Work to be completed:
No pictures, no extra lines: copy exactly from the line with "Figurki Lego: ogień, strażak, pies, ratownicy, apteczka." through the end of the entries.

Top of Provided records

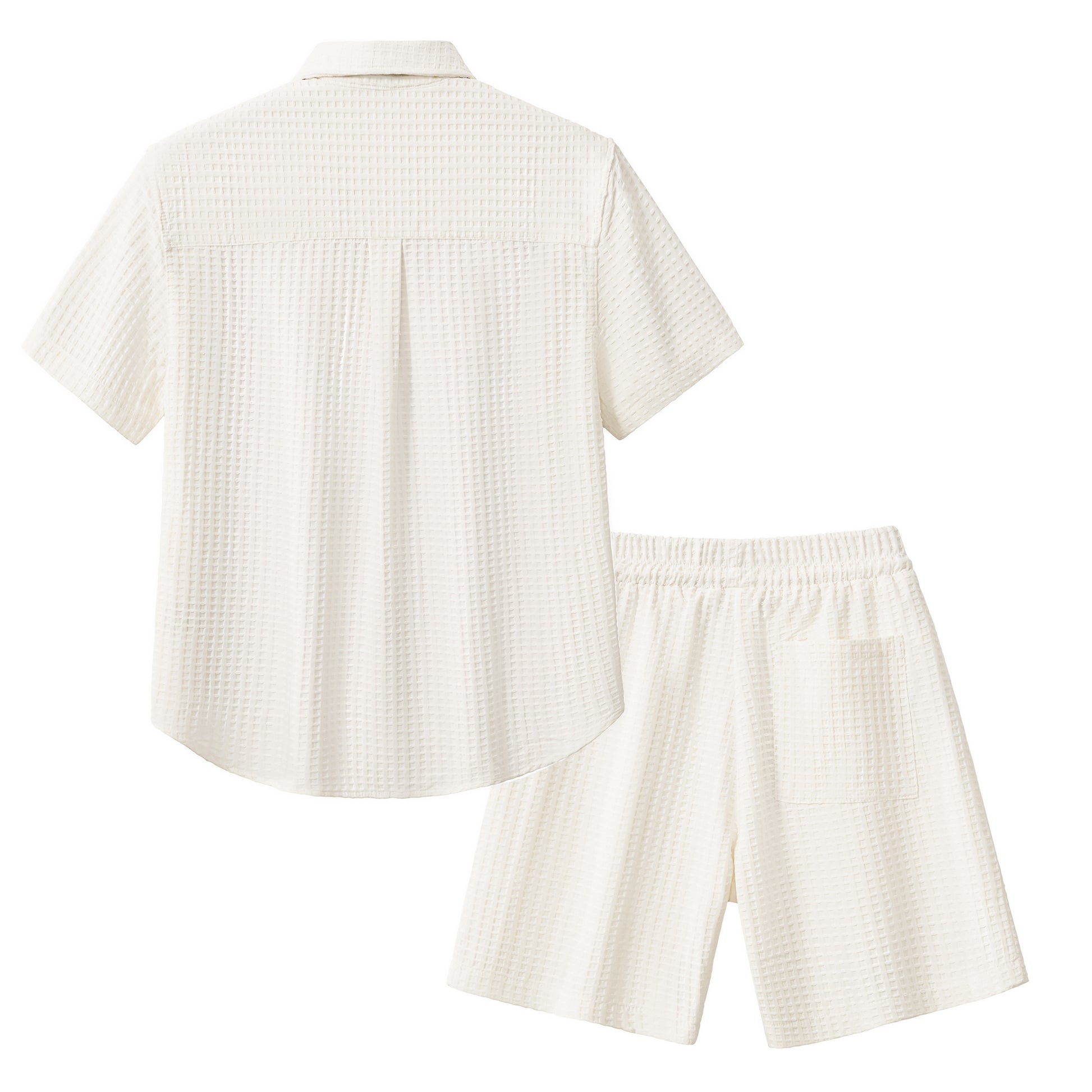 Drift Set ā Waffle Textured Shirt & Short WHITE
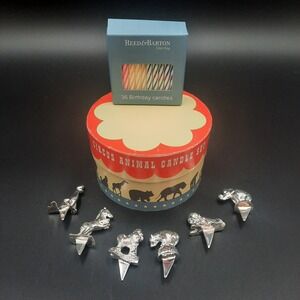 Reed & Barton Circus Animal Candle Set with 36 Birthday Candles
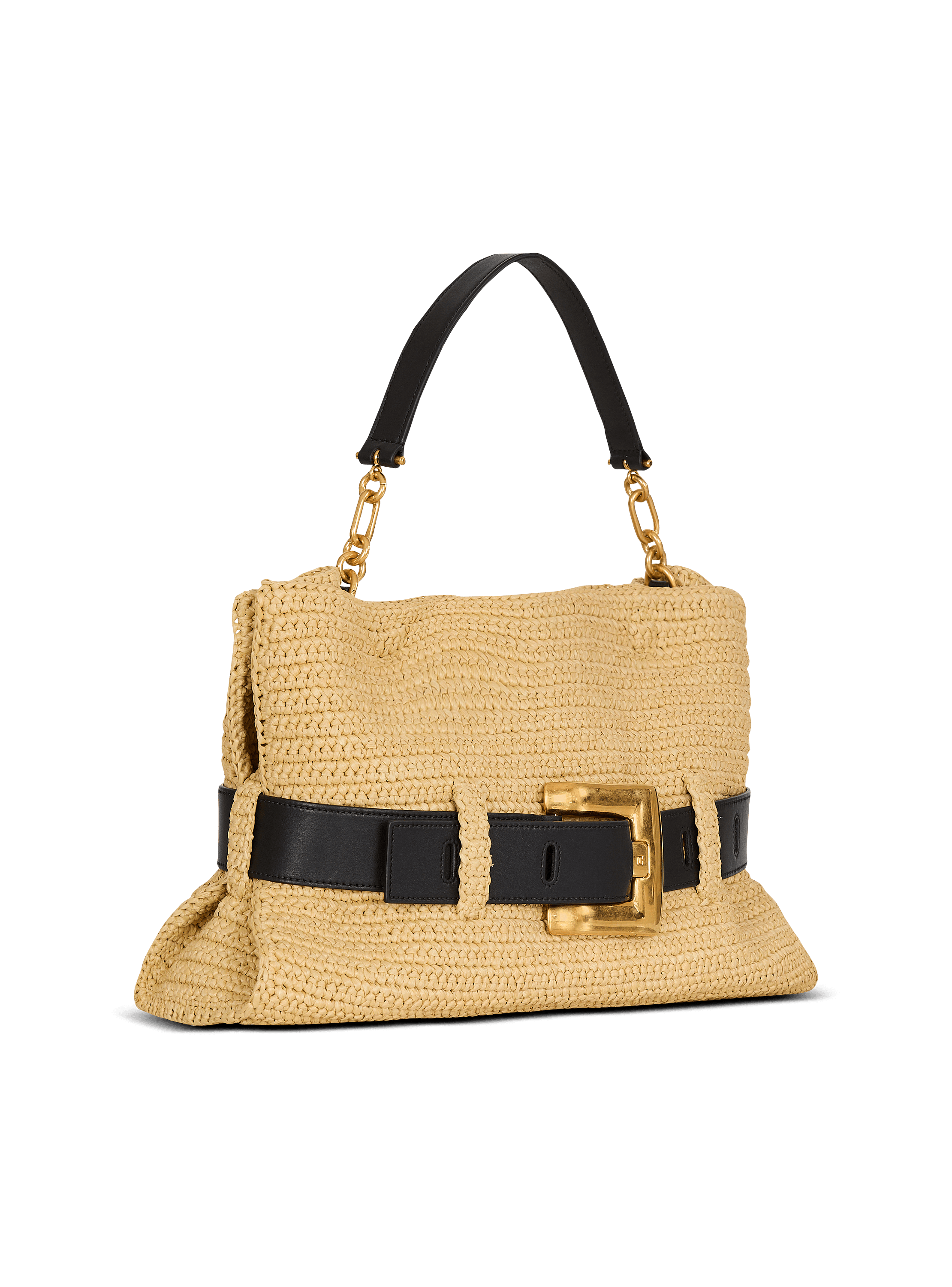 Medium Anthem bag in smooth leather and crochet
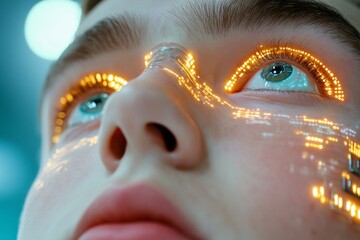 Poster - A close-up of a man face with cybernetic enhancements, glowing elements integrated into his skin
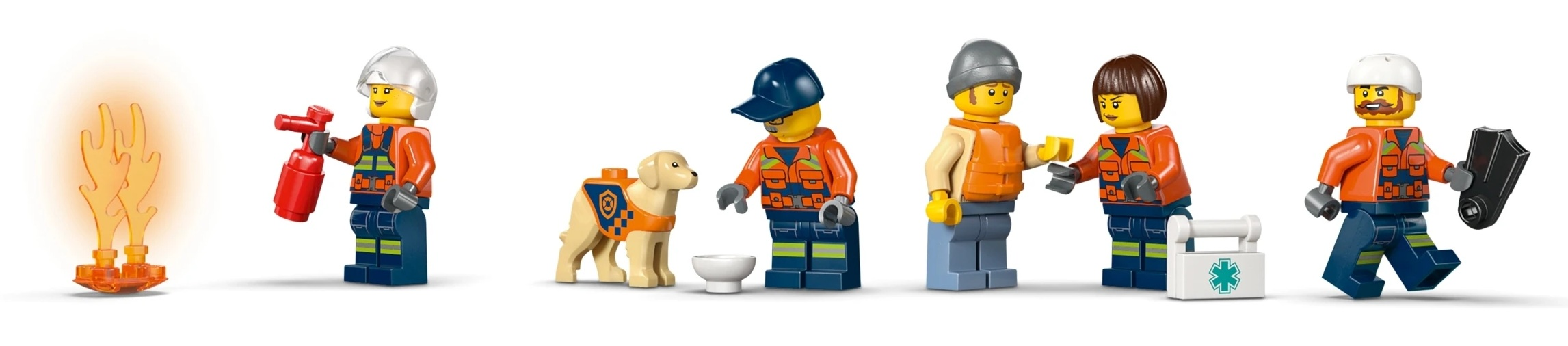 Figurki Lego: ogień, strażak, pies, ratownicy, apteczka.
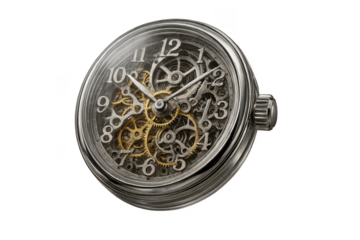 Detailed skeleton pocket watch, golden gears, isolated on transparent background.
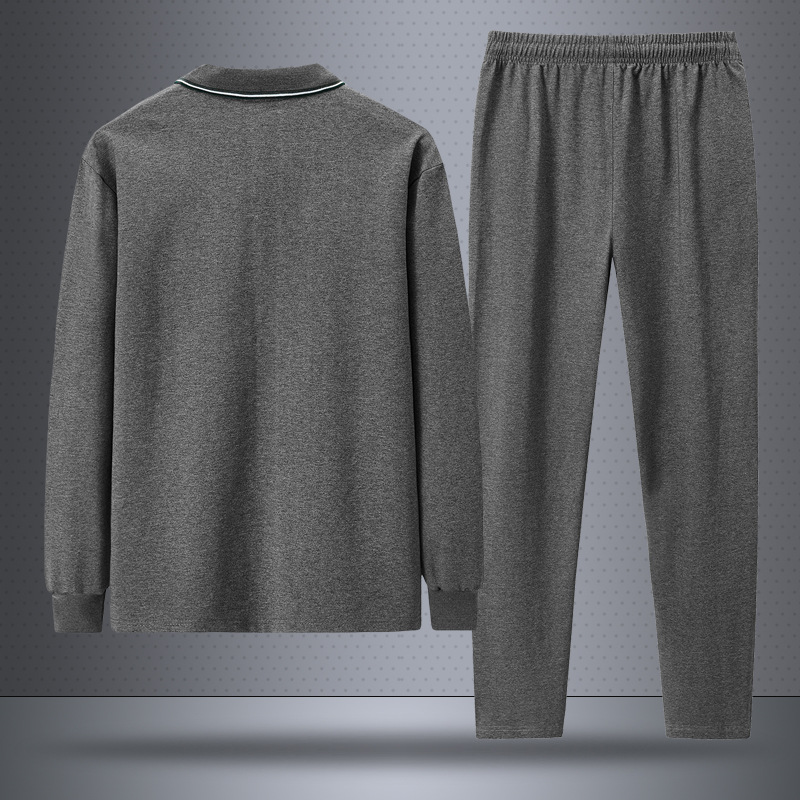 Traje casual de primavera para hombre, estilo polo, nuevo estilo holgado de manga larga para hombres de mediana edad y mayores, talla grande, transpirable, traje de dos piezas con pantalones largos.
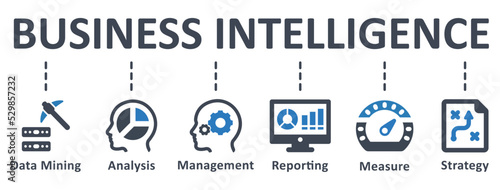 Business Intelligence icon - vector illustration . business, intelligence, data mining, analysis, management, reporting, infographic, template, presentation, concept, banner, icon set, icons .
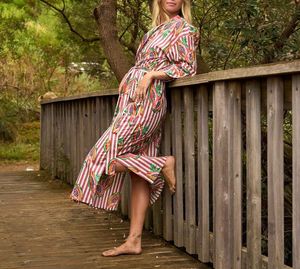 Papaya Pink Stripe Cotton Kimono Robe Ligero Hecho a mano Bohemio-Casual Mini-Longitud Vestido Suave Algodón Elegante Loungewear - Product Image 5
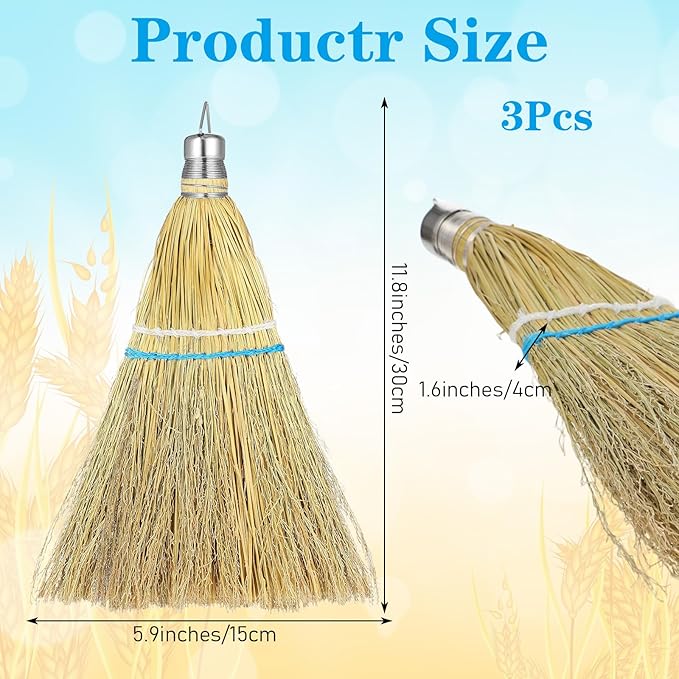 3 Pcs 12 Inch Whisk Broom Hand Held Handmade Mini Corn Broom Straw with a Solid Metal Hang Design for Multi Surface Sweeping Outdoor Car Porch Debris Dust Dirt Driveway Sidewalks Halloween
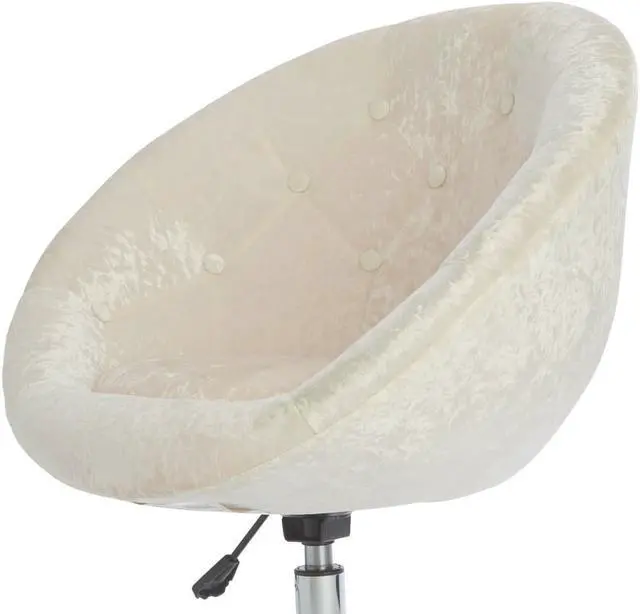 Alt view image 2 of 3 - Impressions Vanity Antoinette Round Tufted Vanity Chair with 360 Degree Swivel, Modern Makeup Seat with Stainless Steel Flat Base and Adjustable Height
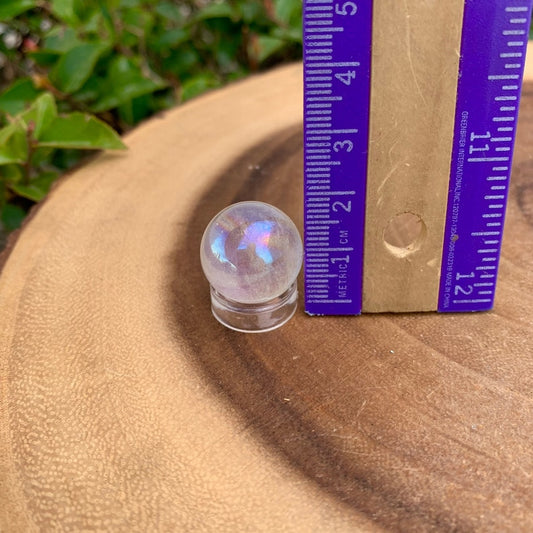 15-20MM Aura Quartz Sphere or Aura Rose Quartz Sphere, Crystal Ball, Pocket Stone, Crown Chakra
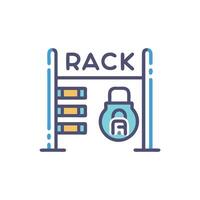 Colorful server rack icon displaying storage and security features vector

Bottom of Provided records

Written solution:
 Figurki Lego: ogień, strażak, pies, ratownicy, apteczka.
 Detailed skeleton pocket watch, golden gears, isolated on transparent background.
 Traje casual de primavera para hombre, estilo polo, nuevo estilo holgado de manga larga para hombres de mediana edad y mayores, talla grande, transpirable, traje de dos piezas con pantalones largos.
 Business Intelligence icon - vector illustration . business, intelligence, data mining, analysis, management, reporting, infographic, template, presentation, concept, banner, icon set, icons .
 Papaya Pink Stripe Cotton Kimono Robe Ligero Hecho a mano Bohemio-Casual Mini-Longitud Vestido Suave Algodón Elegante Loungewear - Product Image 5
 3 Pcs 12 Inch Whisk Broom Hand Held Handmade Mini Corn Broom Straw with a Solid Metal Hang Design for Multi Surface Sweeping Outdoor Car Porch Debris Dust Dirt Driveway Sidewalks Halloween
 Alt view image 2 of 3 - Impressions Vanity Antoinette Round Tufted Vanity Chair with 360 Degree Swivel, Modern Makeup Seat with Stainless Steel Flat Base and Adjustable Height
 15-20MM Aura Quartz Sphere or Aura Rose Quartz Sphere, Crystal Ball, Pocket Stone, Crown Chakra
 Colorful server rack icon displaying storage and security features vector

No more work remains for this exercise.